SWR4 Abendgedanken

SWR4 Abendgedanken

Mitte März war ich in Rom. Mit vierhundert Chorsängern. Das ist ein großer Haufen von Menschen. Und die alle unter einen Hut zu bringen, ist ganz schön anstrengend. Sie müssen transportiert werden, damit sie gemeinsam zur rechten Zeit am rechten Ort sind. Die strengen Kontrollen müssen zügig absolviert werden. Alle wollen zur gleichen Zeit essen. Und vor allem: Eine Gruppe aus 400 Personen will erst noch zu einem Chor geformt werden.

Bei so einem Unternehmen gibt es auch Schwierigkeiten: Einer geht verloren im Trubel der großen Stadt. Einer wird krank. Einer verpasst den Anschluss und kommt zu spät. Und dem einen oder anderen passt einfach irgend etwas nicht. So etwas kommt vor, wenn viele Menschen dicht aufeinander sind. Jeder ist eigen, aber kann seine Eigenheiten nicht ausleben in dem Moment, muss sich zurück nehmen und anpassen. Da ist schon mal einer enttäuscht oder beleidigt.

Im Rückblick muss ich sagen: Alles hat erstaunlich gut geklappt. Besser, als ich es erwartet hatte. Und ich glaube, dafür gibt es hauptsächlich einen Grund: Die Gruppe hat jeden Tag miteinander gesungen. Und dazu noch: zum Lob und zur Ehre Gottes gesungen. Wir waren nicht in erster Linie auf einer Urlaubs- oder eine Bildungsreise. Nein, wir waren Pilger. Auf dem Petersplatz, bei der Papstaudienz, sind wir die größte Gruppe gewesen. Unübersehbar und vor allem unüberhörbar haben wir unseren Glauben bekannt. Der Papst hat uns gesehen und gehört und unsere Gruppe begrüßt. Wie stolz wir da waren! Beim Gottesdienst in der Kirche Santa Caecilia haben wir uns besonders angestrengt. Die Heilige, die dort begraben ist und verehrt wird, ist die Schutzpatronin der Kirchenmusik. Und wir sind hinterher regelrecht beseelt gewesen, weil’s so schön war. Diese Erlebnisse waren besonders. Dabei vor allem das Gefühl, wie viel möglich ist, wenn man gemeinsam an einem Strang zieht. Und beim Singen im Chor spürt man das eben sehr deutlich. Chorgesang funktioniert erst dann, wenn es ein Geben und Nehmen jedes einzelnen ist.
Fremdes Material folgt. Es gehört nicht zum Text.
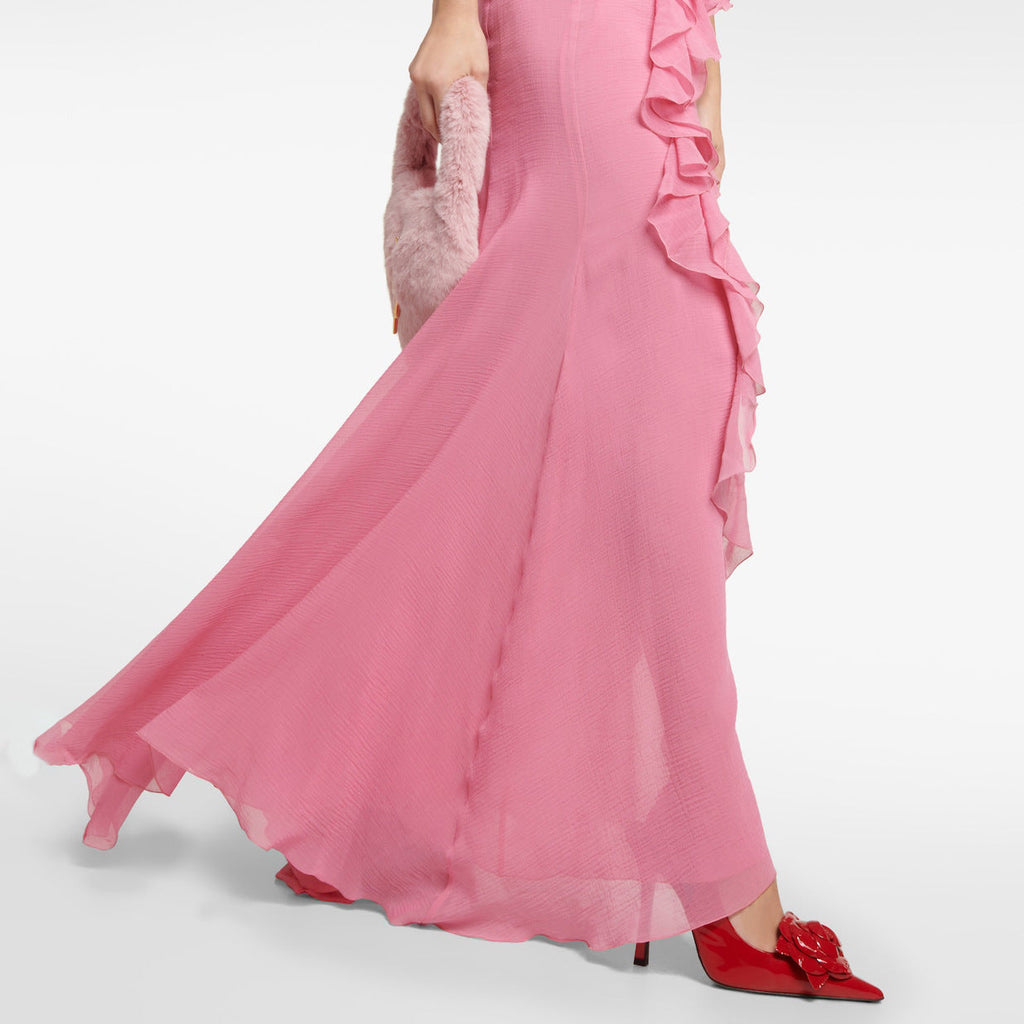 Pink Ruffle Cotton And Silk Maxi Dress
Nur so entsteht Harmonie, und nicht alles hört sich gleich an, sondern differenziert, fein, zärtlich oder kraftvoll. Als Sänger spürt man, wann und wie das gelingt, und es tut gut, ein Teil davon zu sein, Teil von etwas Großem, Teil vom großen Ganzen.

Auf der Romreise habe ich erfahren: Das wirkt sich auch auf die anderen Bereiche des Lebens aus. Es überträgt sich. Der einzelne nimmt Rücksicht. Und er ist bereit, sich zu versöhnen, wenn es einen Misston gibt. Weil es auf den Gesamtklang ankommt. Diese schöne Erfahrung bewahre ich mir - als Vorbild und Ansporn - für die vielen Situationen, wo Menschen unter einen Hut zu bringen sind.